[Medan | 31 Juli 2025] Bank Sentral Amerika Serikat, The Federal Reserve (The Fed), kembali memutuskan untuk mempertahankan suku bunga acuan Federal Funds Rate di kisaran 4,25%–4,50% pada rapat FOMC 30 Juli 2025.
Dalam pernyataan resminya, Fed menegaskan bahwa pertumbuhan ekonomi AS mulai melambat meskipun pada semester I-2025 sempat menunjukkan pemulihan. Sebagai informasi, pertumbuhan PDB kuartal II-2025 memang rebound, namun hanya di level 3% setelah sebelumnya terkontraksi -0,5% di kuartal I. Konsumsi domestik tumbuh terbatas, memperlihatkan melemahnya daya beli. Inflasi inti (core PCE) masih di atas target 2%, berada di kisaran 2,5%–2,7%, sehingga Fed belum siap memangkas suku bunga meski tekanan dari Presiden Trump semakin kuat.
Rapat FOMC kali ini diwarnai dissent dari dua anggota, Christopher Waller dan Michelle Bowman, yang mendesak penurunan suku bunga segera karena melihat tanda-tanda pelemahan pasar tenaga kerja dan konsumsi. Namun, mayoritas anggota tetap bersikap hati-hati dengan menunggu data lanjutan sebelum mengambil langkah besar. Ketua Fed Jerome Powell menegaskan bahwa kebijakan moneter akan tetap independen, tidak tunduk pada tekanan politik, dan hanya akan disesuaikan jika data ekonomi mendukung.
Pasar keuangan merespons keputusan ini dengan tenang.
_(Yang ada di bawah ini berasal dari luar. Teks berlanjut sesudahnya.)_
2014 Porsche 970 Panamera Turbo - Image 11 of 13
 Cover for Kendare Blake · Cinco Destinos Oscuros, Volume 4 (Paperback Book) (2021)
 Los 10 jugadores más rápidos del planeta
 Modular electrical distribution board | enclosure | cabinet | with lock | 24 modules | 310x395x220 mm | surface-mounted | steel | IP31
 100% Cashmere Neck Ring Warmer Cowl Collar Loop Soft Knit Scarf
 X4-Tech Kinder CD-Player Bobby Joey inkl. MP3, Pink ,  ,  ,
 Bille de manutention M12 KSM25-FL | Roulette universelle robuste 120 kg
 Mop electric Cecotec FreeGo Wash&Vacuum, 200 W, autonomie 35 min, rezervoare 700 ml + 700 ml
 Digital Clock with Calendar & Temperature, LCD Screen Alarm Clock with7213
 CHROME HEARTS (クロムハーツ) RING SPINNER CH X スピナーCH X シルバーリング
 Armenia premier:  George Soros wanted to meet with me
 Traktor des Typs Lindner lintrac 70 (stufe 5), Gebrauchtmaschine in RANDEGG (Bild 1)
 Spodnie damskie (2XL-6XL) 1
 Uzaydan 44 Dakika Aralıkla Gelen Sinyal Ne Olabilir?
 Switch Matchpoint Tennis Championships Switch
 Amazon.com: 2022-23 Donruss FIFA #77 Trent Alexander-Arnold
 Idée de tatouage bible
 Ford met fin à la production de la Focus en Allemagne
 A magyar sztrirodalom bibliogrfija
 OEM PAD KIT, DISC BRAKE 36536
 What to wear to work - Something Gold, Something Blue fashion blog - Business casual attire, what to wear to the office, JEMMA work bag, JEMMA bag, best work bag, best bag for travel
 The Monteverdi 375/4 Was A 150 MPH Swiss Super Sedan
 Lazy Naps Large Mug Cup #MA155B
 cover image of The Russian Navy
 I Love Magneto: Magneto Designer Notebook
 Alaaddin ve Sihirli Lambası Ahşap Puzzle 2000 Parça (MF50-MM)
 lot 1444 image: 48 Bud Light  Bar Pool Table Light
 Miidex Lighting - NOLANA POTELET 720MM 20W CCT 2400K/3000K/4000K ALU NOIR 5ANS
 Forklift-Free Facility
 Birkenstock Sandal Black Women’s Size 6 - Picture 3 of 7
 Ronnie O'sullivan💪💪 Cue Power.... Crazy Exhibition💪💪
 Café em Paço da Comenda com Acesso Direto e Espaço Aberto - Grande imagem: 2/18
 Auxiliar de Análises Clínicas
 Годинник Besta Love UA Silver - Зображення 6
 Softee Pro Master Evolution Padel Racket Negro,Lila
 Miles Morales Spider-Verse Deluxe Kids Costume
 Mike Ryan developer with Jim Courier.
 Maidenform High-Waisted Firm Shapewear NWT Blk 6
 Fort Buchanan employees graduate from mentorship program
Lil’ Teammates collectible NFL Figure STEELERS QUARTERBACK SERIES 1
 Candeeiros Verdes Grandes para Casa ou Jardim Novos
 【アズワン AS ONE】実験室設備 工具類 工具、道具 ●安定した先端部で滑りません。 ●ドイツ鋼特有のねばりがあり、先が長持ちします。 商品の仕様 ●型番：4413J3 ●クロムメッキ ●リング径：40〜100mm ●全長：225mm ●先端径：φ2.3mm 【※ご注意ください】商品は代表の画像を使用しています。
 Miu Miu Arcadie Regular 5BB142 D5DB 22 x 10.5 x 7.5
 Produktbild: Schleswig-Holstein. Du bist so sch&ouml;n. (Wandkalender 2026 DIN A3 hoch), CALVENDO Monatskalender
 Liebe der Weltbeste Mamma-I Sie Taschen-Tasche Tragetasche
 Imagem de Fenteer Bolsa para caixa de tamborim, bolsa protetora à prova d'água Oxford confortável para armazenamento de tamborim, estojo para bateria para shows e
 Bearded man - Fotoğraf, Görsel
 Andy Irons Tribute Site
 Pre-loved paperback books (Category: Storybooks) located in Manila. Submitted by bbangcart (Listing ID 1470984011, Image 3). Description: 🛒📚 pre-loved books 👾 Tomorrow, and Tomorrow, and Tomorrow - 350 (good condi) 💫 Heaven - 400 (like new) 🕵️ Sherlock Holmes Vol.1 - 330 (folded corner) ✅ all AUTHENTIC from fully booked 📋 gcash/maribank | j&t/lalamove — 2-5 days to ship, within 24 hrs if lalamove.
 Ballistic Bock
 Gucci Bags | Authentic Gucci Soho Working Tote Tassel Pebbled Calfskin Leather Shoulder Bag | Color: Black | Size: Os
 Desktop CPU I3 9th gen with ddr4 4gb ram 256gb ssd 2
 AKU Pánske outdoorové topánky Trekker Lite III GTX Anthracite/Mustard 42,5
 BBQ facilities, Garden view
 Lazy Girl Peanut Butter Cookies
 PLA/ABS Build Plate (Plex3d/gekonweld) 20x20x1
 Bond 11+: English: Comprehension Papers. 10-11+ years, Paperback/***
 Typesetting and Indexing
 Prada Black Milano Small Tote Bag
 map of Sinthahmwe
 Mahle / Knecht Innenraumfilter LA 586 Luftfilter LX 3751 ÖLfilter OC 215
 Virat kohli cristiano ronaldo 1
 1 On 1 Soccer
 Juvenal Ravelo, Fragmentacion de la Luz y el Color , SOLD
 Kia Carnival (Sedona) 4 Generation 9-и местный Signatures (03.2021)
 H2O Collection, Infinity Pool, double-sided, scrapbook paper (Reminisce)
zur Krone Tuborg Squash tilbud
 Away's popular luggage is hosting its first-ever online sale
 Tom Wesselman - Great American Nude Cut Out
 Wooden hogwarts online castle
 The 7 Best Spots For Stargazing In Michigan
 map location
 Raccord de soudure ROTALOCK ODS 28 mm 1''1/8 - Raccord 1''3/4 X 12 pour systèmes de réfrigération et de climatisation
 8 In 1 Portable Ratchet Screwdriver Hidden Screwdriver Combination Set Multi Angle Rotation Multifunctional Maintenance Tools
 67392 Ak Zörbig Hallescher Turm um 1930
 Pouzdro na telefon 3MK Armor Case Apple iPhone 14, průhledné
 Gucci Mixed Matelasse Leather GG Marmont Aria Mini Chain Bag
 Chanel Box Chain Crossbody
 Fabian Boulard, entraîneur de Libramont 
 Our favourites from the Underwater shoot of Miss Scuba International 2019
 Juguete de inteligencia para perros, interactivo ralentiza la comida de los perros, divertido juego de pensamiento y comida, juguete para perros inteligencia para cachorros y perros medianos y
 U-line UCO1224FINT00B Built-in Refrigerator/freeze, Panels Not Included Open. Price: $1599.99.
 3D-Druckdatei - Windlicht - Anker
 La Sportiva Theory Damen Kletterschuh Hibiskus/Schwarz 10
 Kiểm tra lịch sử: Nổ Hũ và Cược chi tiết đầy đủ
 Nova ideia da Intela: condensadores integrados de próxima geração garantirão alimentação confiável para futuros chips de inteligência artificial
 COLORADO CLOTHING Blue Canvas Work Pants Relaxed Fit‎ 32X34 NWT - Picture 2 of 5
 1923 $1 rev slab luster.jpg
Wall Street ditutup menguat tipis, sementara yield obligasi AS bergerak stabil. Futures FedWatch menunjukkan mayoritas pelaku pasar memperkirakan pemangkasan suku bunga baru akan terjadi pada September 2025 dengan proyeksi penurunan 25 basis poin.
Keputusan Fed kali ini mencerminkan dilema klasik dalam kebijakan moneter, yaitu mengendalikan inflasi tanpa menjerumuskan ekonomi ke dalam resesi. Tantangan Fed semakin berat dengan inflasi yang masih sulit diturunkan, kebijakan tarif baru Presiden Trump yang meningkatkan ketidakpastian perdagangan, serta risiko politik yang menguji independensi Fed. Bagi pasar obligasi global, sinyal perlambatan ekonomi AS memberikan harapan penurunan yield dalam jangka menengah, yang dapat mendorong kenaikan harga obligasi, termasuk di pasar negara berkembang seperti Indonesia.
Jika pemangkasan suku bunga benar terjadi pada September, arus modal berpotensi mengalir lebih deras ke emerging market, memperkuat rupiah dan mendukung pasar surat utang domestik. Meskipun begitu, volatilitas tetap tinggi. Jika inflasi tidak menurun sesuai harapan, Fed mungkin menunda pemangkasan suku bunga lebih lama, memicu koreksi pasar. Investor harus mencermati data tenaga kerja AS, indeks harga konsumen (CPI), serta pernyataan pejabat Fed dalam beberapa minggu ke depan.
Bagi Indonesia, ekspektasi pemangkasan suku bunga Fed menjadi sentimen positif bagi pasar obligasi domestik. Yield yang lebih rendah di AS akan mendorong masuknya dana asing ke obligasi Indonesia. Namun, investor tetap perlu waspada terhadap risiko global, terutama tensi perdagangan dan ketidakpastian politik AS yang dapat memicu gejolak pasar sewaktu-waktu.